In my last blog, I touched on the fact that zombies and vampires have lost some of their bite because we’ve lost our fear of our legends. It intrigued me to think that perhaps we see things how we want to and perhaps our own intellectual sense of superiority over past generations has made us forget some of the very primal fears that have been ingrained within us and is found throughout our myths and legends. So let’s take a look shall we?
Ever since man first existed the night has existed to prey on his fears, but why do we want to discredit these fears so much now. There’s nothing to be scared of in the dark, right? Maybe most of us have never encountered a bogle of our very own, but that doesn’t mean that Shakespeare wasn’t right when he said: “there are more things in Heaven and Earth, Horatio, than are dreamt of in your philosophy.” I realize that some of you are asking “what’s a bogle?” Perhaps you know them by another name, bogge, bogey, boggart, booger, boogeyman or bogeyman (which boogeyman being a derivative of the German word boggeman which in English would be goblin). Any and every culture has its own version of a creature that is some manner of evil and will snatch naughty children from their beds at night. We tell ourselves that there’s no such thing but when we were children most of us were uneasy in the dark, we knew there were things in the dark with us, under the bed, within the closet waiting for us to look out from under the sheets. So who’s to say that there has never been some creature resembling our boogeyman taking bad children away to eat or turn into slaves or raise to be the next generation of boogeymen. In most of the folktales associated with such creatures, how do you defeat them? Do you know? I’ll tell them. You don’t. You be a good little boy or girl and say your prayers and if you stay in bed and sleep through the night he won’t find you. You don’t beat him you evade him. So tell me. How can we be so sure that over the span of human existence no one ever checked under a bed and found a monster staring back at them?
However I digress. We’ve also become desensitized to magicks and the tricks they use. I realize now neo-pagans and wiccans are recognized as legitimate religions (I’m not calling into doubt their status as such) but at one time the fear of these people and their practices were real enough to burn them alive. I realize that we rationalize things today and say oh it was mass hysteria and I in no way believe all the people that were accused of and were executed as witches and werewolves were actually these things. Nonetheless, believe in witchcraft still prevails in places where “civilization” has not dominated and forced people to abandon the beliefs that have kept them safe from evil for centuries. Of course most people don’t realize that shape shifting (like werewolves) were considered part of witchcraft for the most part these were not people who had been cursed but people who had dealt with a dark power and made a deal to be able to change shape. Who’s to say that the cat that keeps popping up around your neighborhood is in fact one of your neighbors out on a stroll?

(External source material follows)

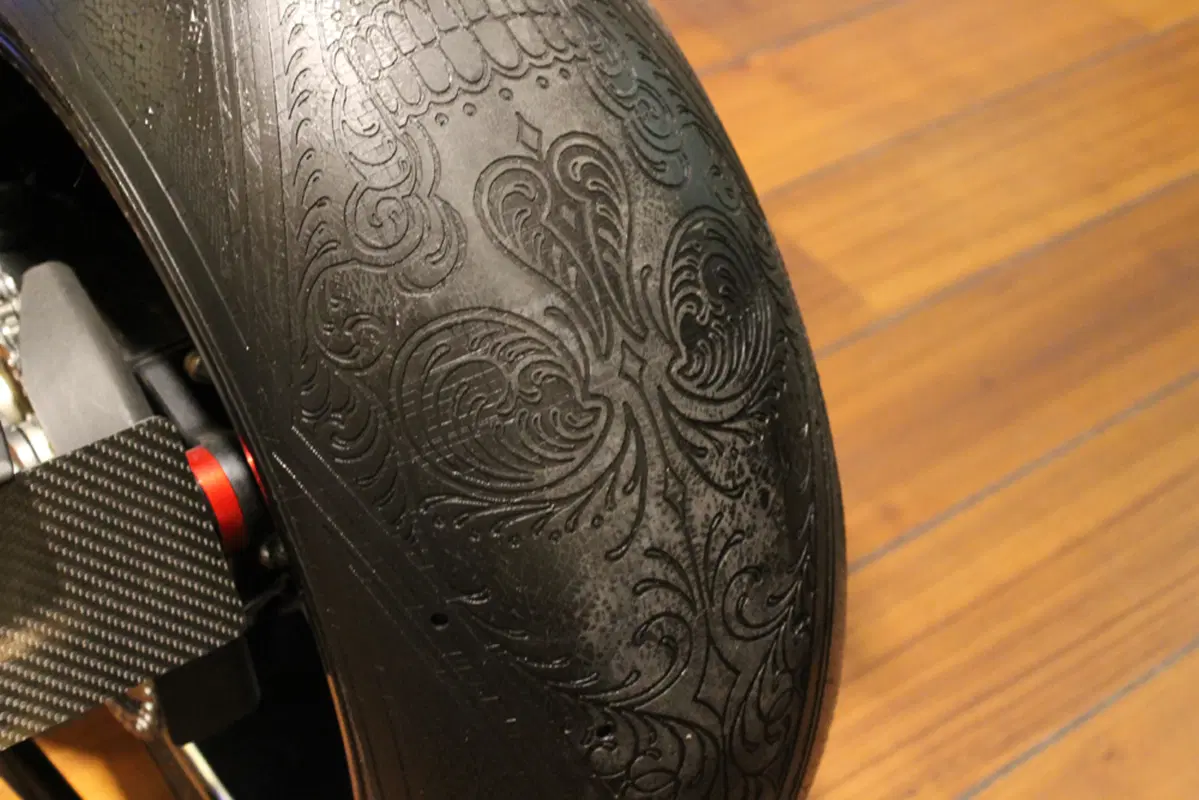 Pirelli: moda, tradizione e tecnologia nel primo flagship store a Milano (57)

I realize that I’m sounding a bit on the crazy side and that’s fine with me, I tend to be a little less skeptical than others because while others demand scientific proof, I believe that there are some things that science cannot explain or quantify. I also believe that all myth has to be based in some fact, no matter how small. Finally in the battle of science vs. myth, I would just like to say that they discover new fossils and new species and species that they thought were extinct but weren’t they were merely out of sight. So while man maintains that he is the master of his domain, I don’t think we will ever truly conquer all our fears because we’ll never know what truly lurks in the dark.